EXERCISE DIRECTIONS >> Every line of the data below is to be given again as it appears, with the images removed.

SOURCE DATA >>
┄┄┄┄┄┄

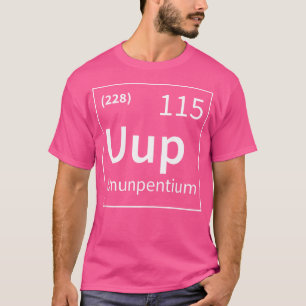 Ununpentium Element 115 Periodensystem Area 51 Ali T-Shirt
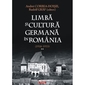 Limba si cultura germana in Romania (1918-1933). Volumul 2.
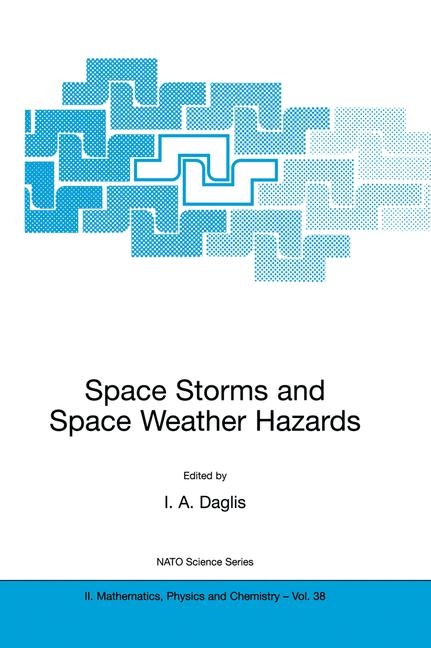 Space Storms and Space Weather Hazards -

┄┄┄┄┄┄

THE COMPLETED TASK >>
 Ununpentium Element 115 Periodensystem Area 51 Ali T-Shirt
 Limba si cultura germana in Romania (1918-1933). Volumul 2.
 Space Storms and Space Weather Hazards -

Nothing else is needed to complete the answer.